Efficient algorithm to create polygons from a 2D mesh? (vertices+edges)

2
votes

Given a mesh consisting of a list of vertices (2D coordinates) and edges (as vertex pairs), like so:

Mesh

So the edges are defined like this:

a: 2,3 
b: 3,4
c: 4,8
d: 5,8
e: 6,7
etc..

Edges are orientation-neutral, i.e. the order of any two vertices that define an edge is random (edges are not clockwise or counter clockwise).

Polygons may be convex or concave, but they never overlap or self-intersect (edges never cross eachother).

Question: how do I generate a list of all polygons?

More specifically, in the above example I would need 4 polygons, like so:

(a,b,c,d,i)
(d,g,h)
(f,i,j,k)
(e,h,k)

The polygons have no orientation either, clockwise or counterclockwise does not apply, and in fact the order of the edges that define a polygon may be random as well. For example (a,i,d,b,c) for the 5-sided one would be fine as well.

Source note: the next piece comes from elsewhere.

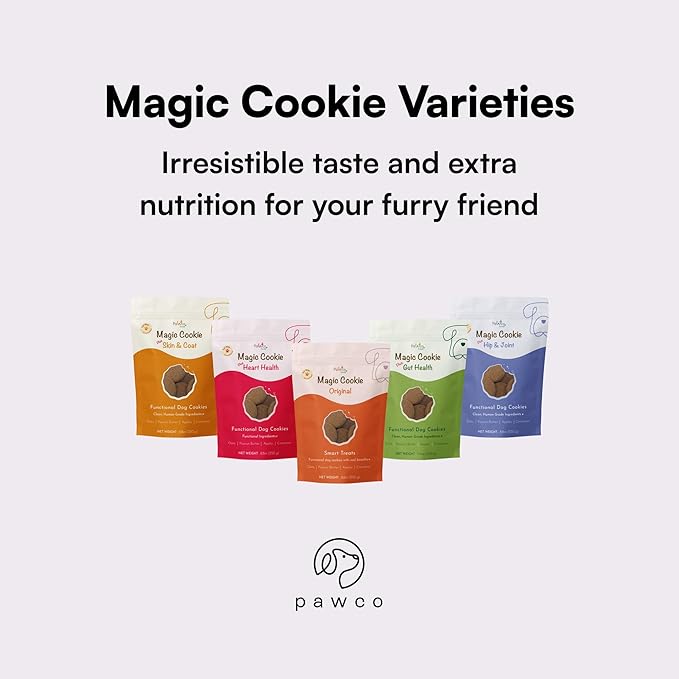 Pawco Dog Treats, Hip & Joint – Supports Mobility in Senior & Active Dogs – Crunchy Dog Cookies with Omega-3 & DHA, Peanut Butter & Apple – Functional & Healthy Rewards for Dogs – Magic Cookie – 8.8oz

Instead of defining polygons as a list of edges, it could also be a list of connected vertices, like so:

(2,3,4,8,5)
(6,5,8)
(2,5,7,1)
(7,6,5)

In this case, the order of the vertices cannot be random (the list of vertices should be a circular sequence) but orientation (clockwise or counterclockwise) is still irrelevant. So the 4-sided polygon could also be (5,2,1,7) or (1,7,5,2) et cetera.

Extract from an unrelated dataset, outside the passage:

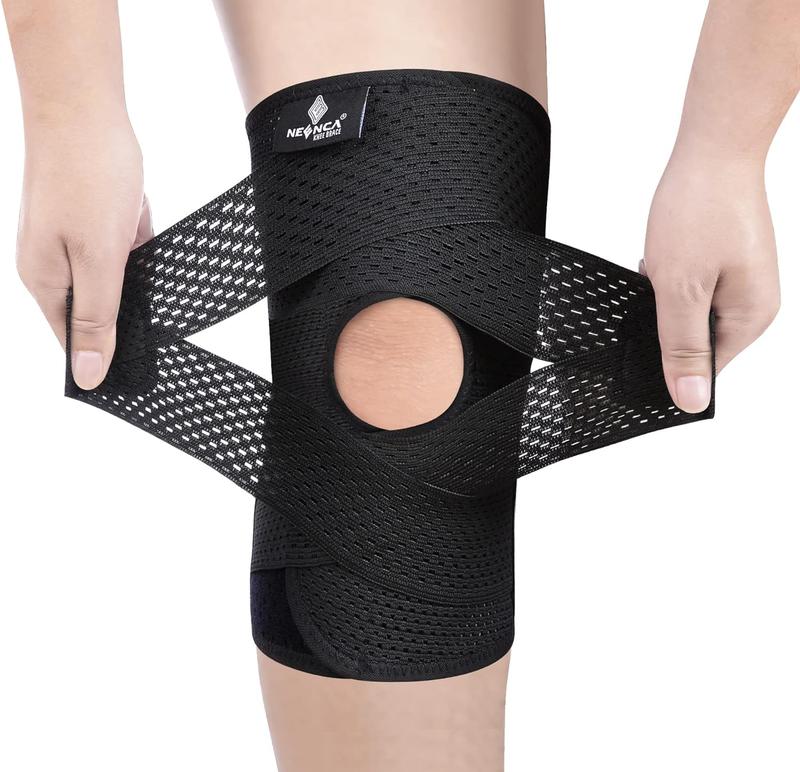 【Christmas】NEENCA Knee Brace for Knee Pain, Compression Knee Support with Air Mesh Fabric, Adjustable Knee Wrap with Side Stabilizers, Ultra-Soft Bandage for Sports, Running, Meniscus Tear, ACL, Arthritis Relief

What is an efficient (fast) way to construct a list of polygons, defined in either edges or vertices?

1
algorithmpolygonmeshverticesedges
I see many more polygons than the listed four. (j,i,h,e,f) (a,b,c,g,h,i) etc. How do you reject those ? - Some Guy
Are these supposed to be vertices at certain X/Y locations? - Amit
Can a polygon contain a hole? E.g. (7,1,3,6,7) and (7,2,5,7) - is that considered one polygon with a hole, or two overlapping polygons? - Andrew Williamson
Here is an idea, start a depth first search from a given node and when you hit that node in the path again, you have found a polygon ! Add the path to a global list of polygons. When you are done searching from a node (ex. node 1), mark it, you have found all possible polygons involving that node and subsequent searches originating at any node should not visit an already marked node. Repeat this process for all nodes in your graph and you should have all possible polygons. - Some Guy
@RandomGuy Those polygons would be separated by internal edges. As long as a polygon can be divided up into smaller polygons, I want to include only the smaller ones in my resulting list. - RocketNuts

1 Answers

2
votes

For each edge vw, generate two half-edges v->w and w->v. Partition these by head (the head of x->y is y). Within each partition, sort by angle (if you use a comparison sort, then there's a way to avoid trig).

For your sample graph, the result is

7->1, 2->1
1->2, 5->2, 3->2
2->3, 4->3
8->4, 3->4
7->5, 6->5, 8->5, 2->5
8->6, 5->6, 7->6
6->7, 5->7, 1->7
5->8, 6->8, 4->8

. Now, define a permutation where v->w maps to the half-edge following w->v in the list containing w->v (wrapping around if necessary). The cycles of this permutation are the polygons.

For example, 5->8 maps to 2->5 (after 8->5) maps to 3->2 (after 5->2) maps to 4->3 (after 2->3) maps to 8->4 (after 3->4) maps to 5->8 (after 4->8).